Being good (3)
In the Old Testament, when King Joash repaired the temple, we’re told: ‘The money brought into the temple was not spent for making silver basins, wick trimmers, sprinkling bowls, trumpets or any other articles of gold or silver for the temple of the Lord; it was paid to the workers, who used it to repair the temple. They did not require an accounting from those to whom they gave the money to pay the workers, because they acted with complete honesty’ (2 Kings 12:13-15 NIV). The nation of Israel prospered because the people in charge acted with integrity and honesty. They were trusted, and didn’t do anything to damage that trust. But sadly, leaders aren’t always trusted. In 2019, a survey showed that trust in the British government has been declining for decades, and had reached its lowest level in more than 40 years.
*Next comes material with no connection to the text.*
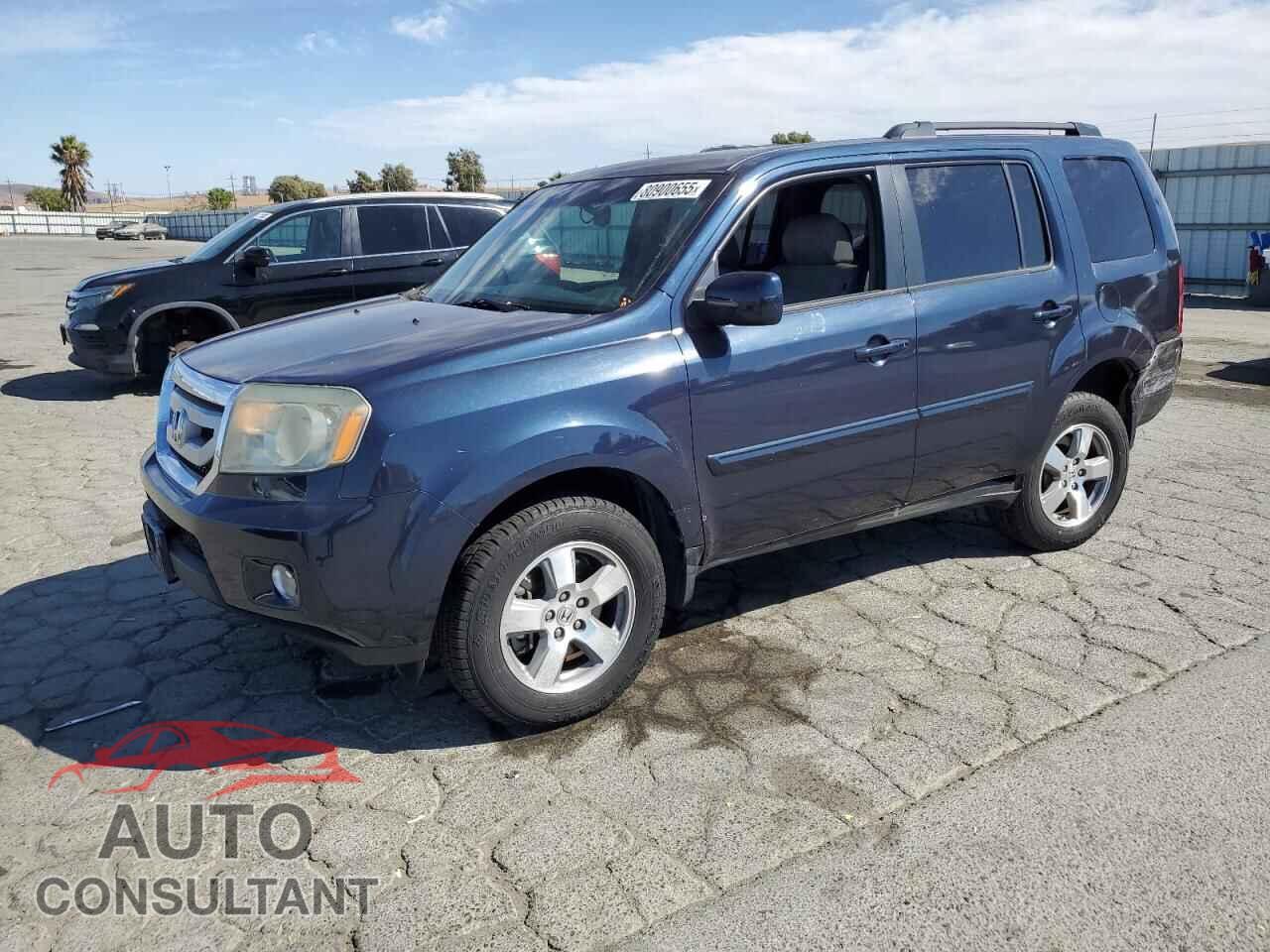 HONDA PILOT 2011 - 5FNYF4H52BB049276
People can often think that those in leadership are only trying to get rich and hold on to their power. The problem with this line of thought is that the good leaders are tarnished along with the bad. We need good leaders in all areas of life, and while we should hold our leaders to account, we shouldn’t forget to also encourage good leadership. So how can we do this? 1) Pray for people in authority. Prayer brings God’s influence into any situation. Whether we’re praying for a tutor, our church leader, a politician, or anyone else in a leadership role, God can step in and bring His wisdom and guidance. 2) Support godly leadership. We should take an interest our leaders’ decisions, and praise those actions which show God’s influence at work. We might think we can’t do much, but when we involve God, change can happen.
Pray for leaders. Pray for any you know personally (such as your pastor, tutors, or manager), and also for those you may not know personally but who have an effect on your life, such as your local council members or your MP. Ask God to help them place goodness at the heart of every decision they make.